Bolden had some buzz after a strong second half against Buffalo in Week 4, but he is being forgotten about more as we enter Week 6 and issues are arising on other teams. Like any New England running back, there is volatility with this option. However, there is also reason to believe touches will continue. As Belichick has shown time and time again, he is constantly one step ahead of the rest of the league.
He was the first to continually be aggressive on fourth down and to focus on two tight end sets, and now he’s the first to take pieces from Chip Kelly’s fast break Oregon attack and implement them into his plan. The result? More plays, so there are more snaps to split up between players at all positions. Belichick had attempted to move to a pass-heavy attack in recent years, but, upon realizing it’s not a recipe for long-term success, he revamped his strategy this offseason. While he keeps the passing game as the focal point, the front seven on defense and the run game are getting a lot more attention early on in 2012.

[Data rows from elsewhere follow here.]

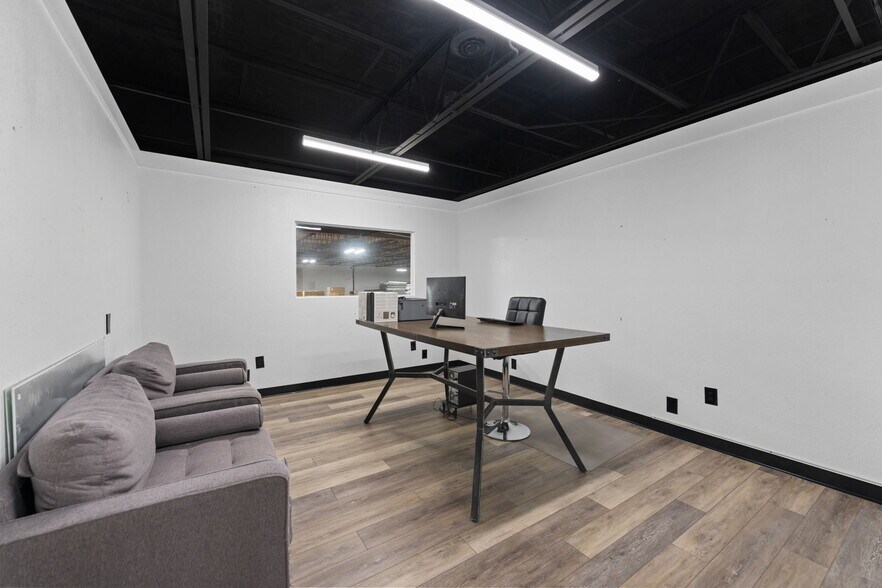 More Photos Of 7490 N 30th Ave, Saint Petersburg Showroom For Sale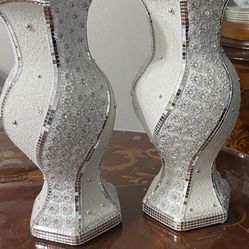 Two Vase 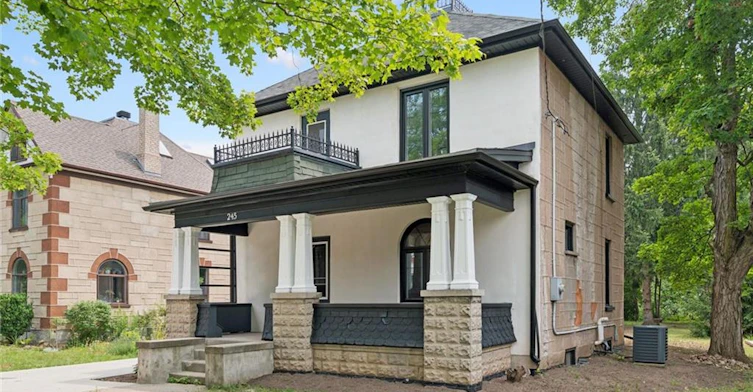 245 Lowther Street S, Cambridge, ON, N3H 1Y6 - 2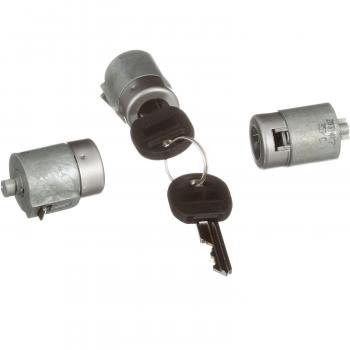 Standard Motor Products DL161 Door Lock Kit product image 1 of 4
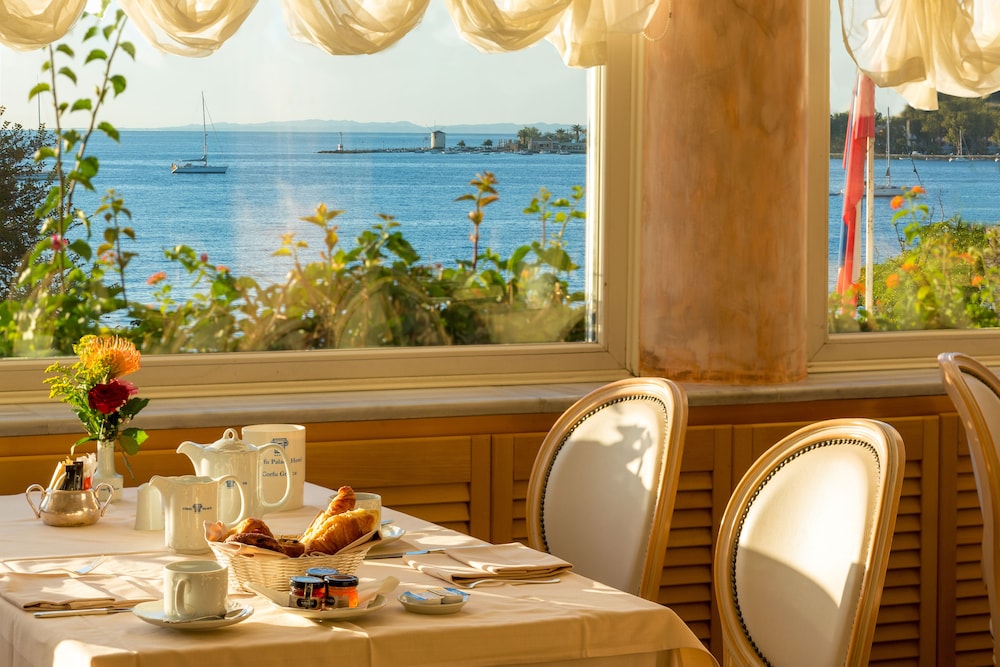 Corfu Palace Hotel 40/66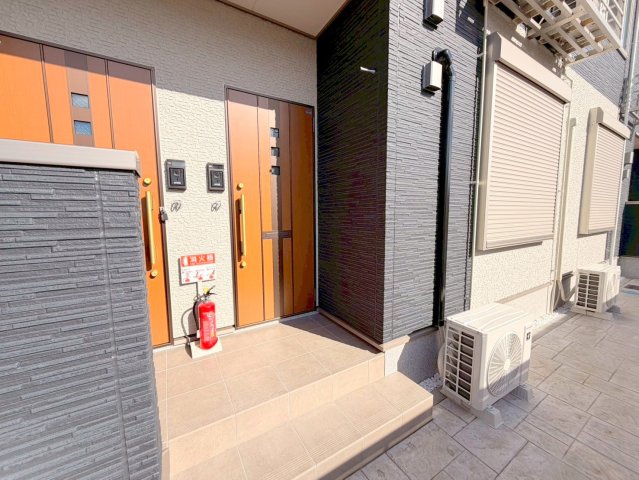 エントランス　綺麗なエントランスです。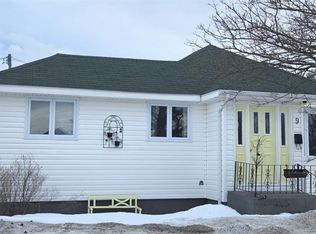 9 Exploits Avenue, Grand Falls-Windsor, NL A2A1M3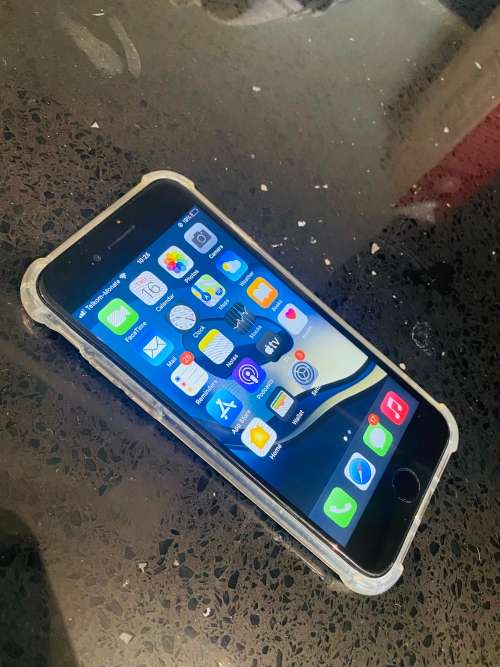 iPhone 8 64GB Space Grey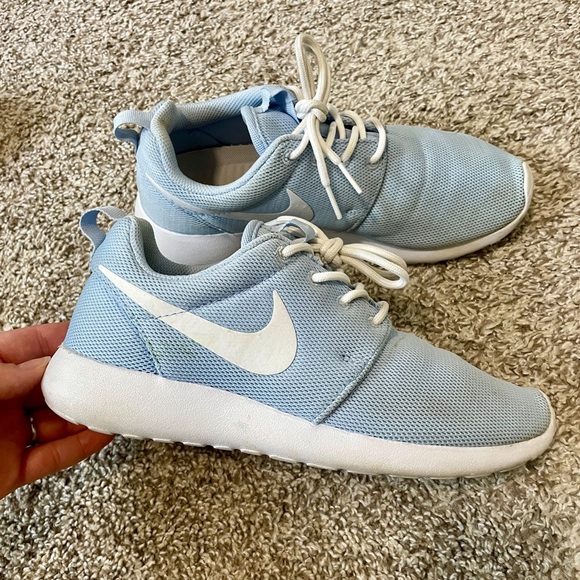 Nike | Women’s Roshe One - Picture 1 of 7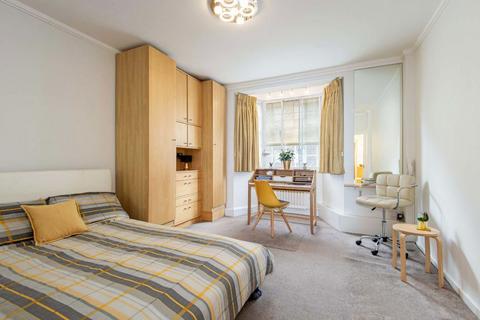 Studio to rent, Woburn Place, London WC1H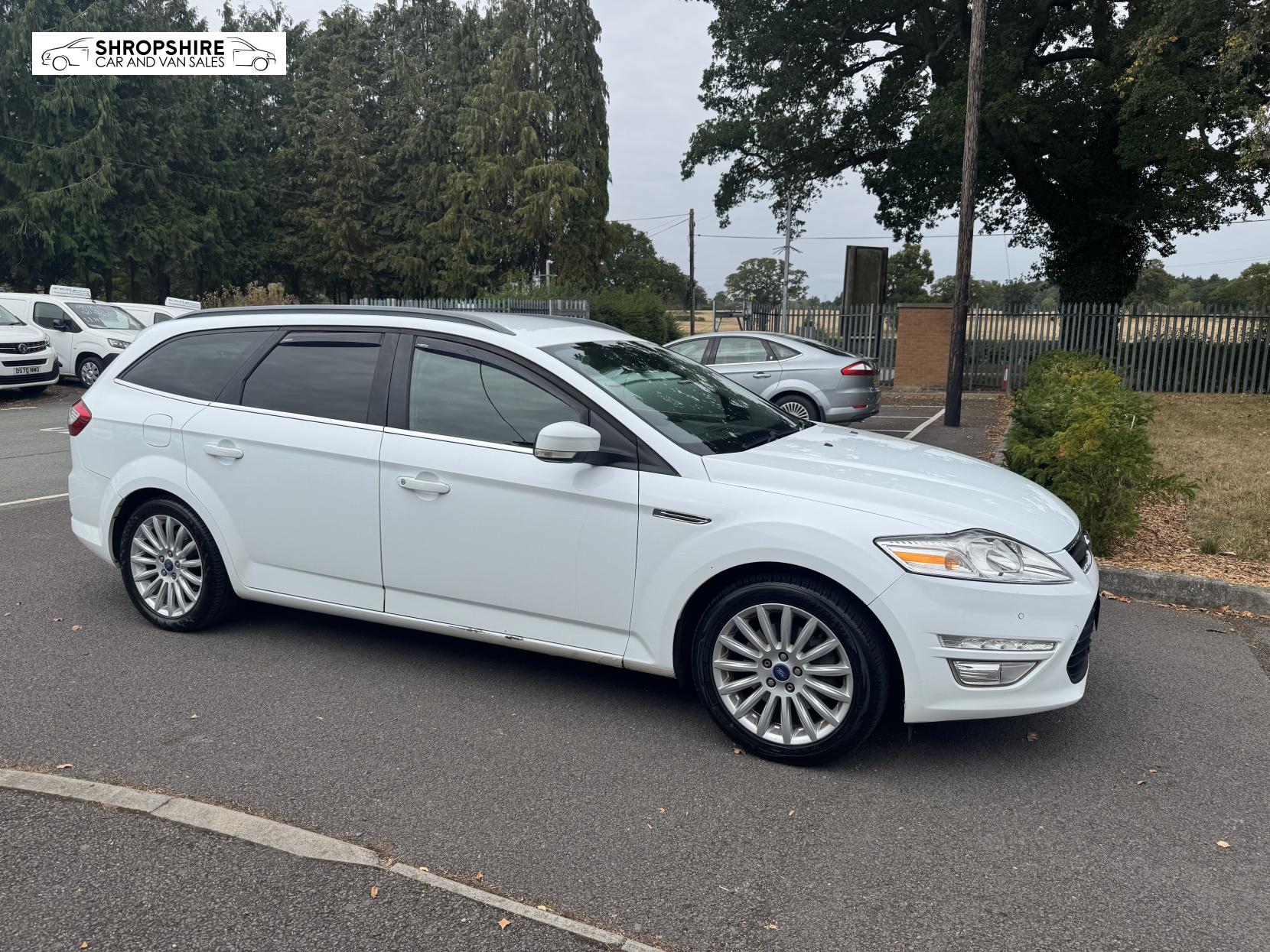 Ford Mondeo 1.6 TDCi ECOnetic Zetec Business Edition Estate 5dr Diesel Manual Euro 5 (s/s) (115 ps)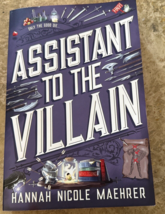 Assistant to the Villain - Paperback Book Maehrer, Hannah Nicole - £7.78 GBP
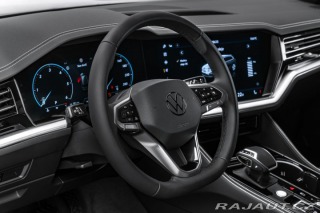 Volkswagen Touareg V6 3,0TDI Vzduch LED Tažn 2024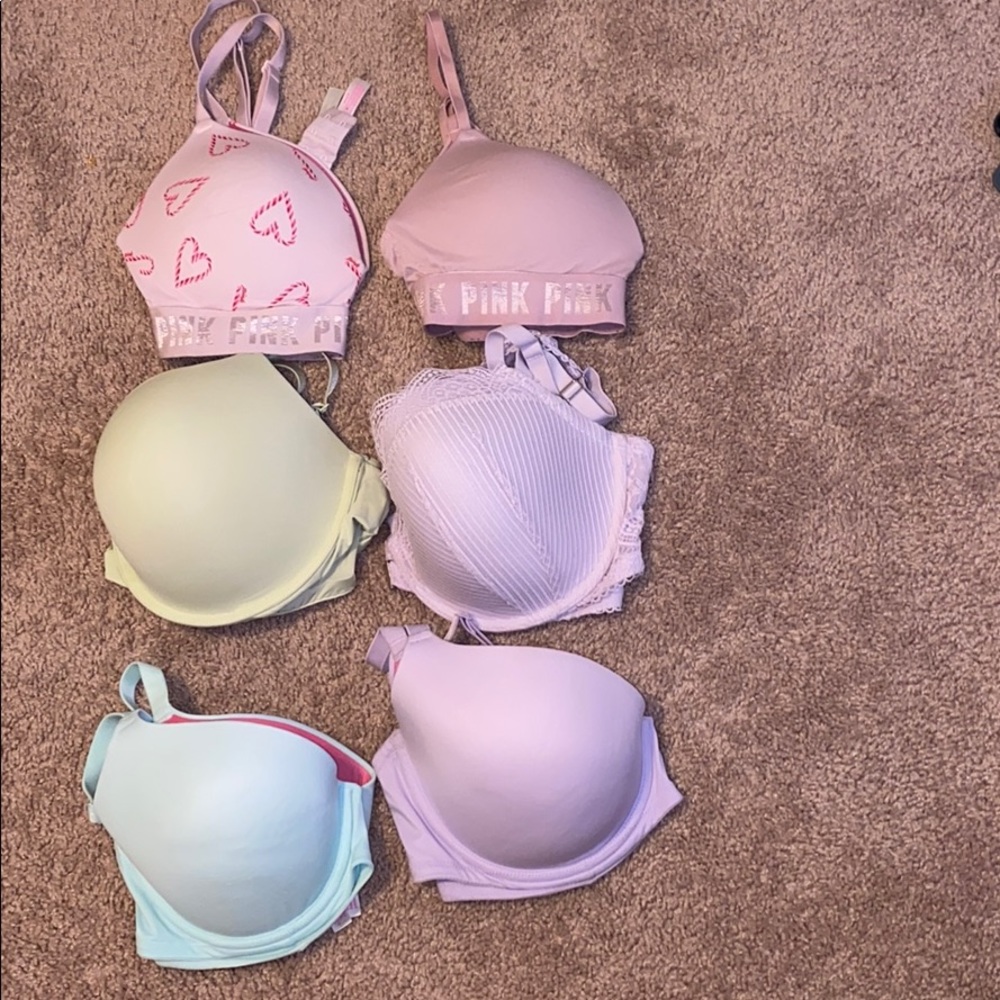 6 Victoria Secret Bras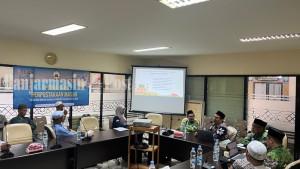 Suasana-pemaparan-materi-terkait-optimalisasi-perpustakaan-masjid-oleh-PW-DMI-kALSEL.jpg
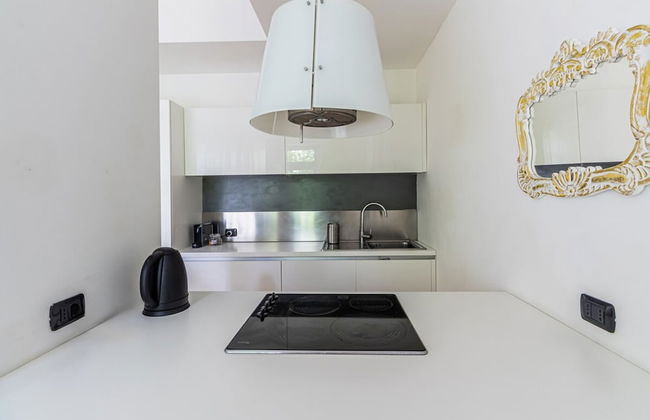 Casa Watt Stylish Apartment With Balcony - Photo 9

Stevan Ridley has emerged as the lead back in New England, but inconsistencies, fumble issues and lack of familiarity with the no-huddle offense keep him from attaining a feature role. Danny Woodhead gets a lot of the no-huddle snaps, but the rest have been trending towards Bolden in lieu of former second-round pick Shane Vereen. Bolden earned that role in training camp, while Vereen spent his rookie year injured and did not impress in training camp this year. Bolden’s training wheels were kicked off before the Buffalo game, and, given what he’s put out there so far, there’s no reason his leash will tighten up anytime soon.
Week 6 in Seattle is not an ideal matchup to exploit Bolden, but there are several quality matchups on the horizon. Two of the league’s worst run defenses (Buffalo and the New York Jets) are in the same division, and while Miami’s run defense is stiff, expect the Patriots to be playing ahead in their matchups, meaning more opportunities for the run game. Those in need of bye week/injury fill-ins, by all means, fight for the scraps on other teams. But if you’re looking for an option that will help you throughout the rest of the season, Bolden is the play.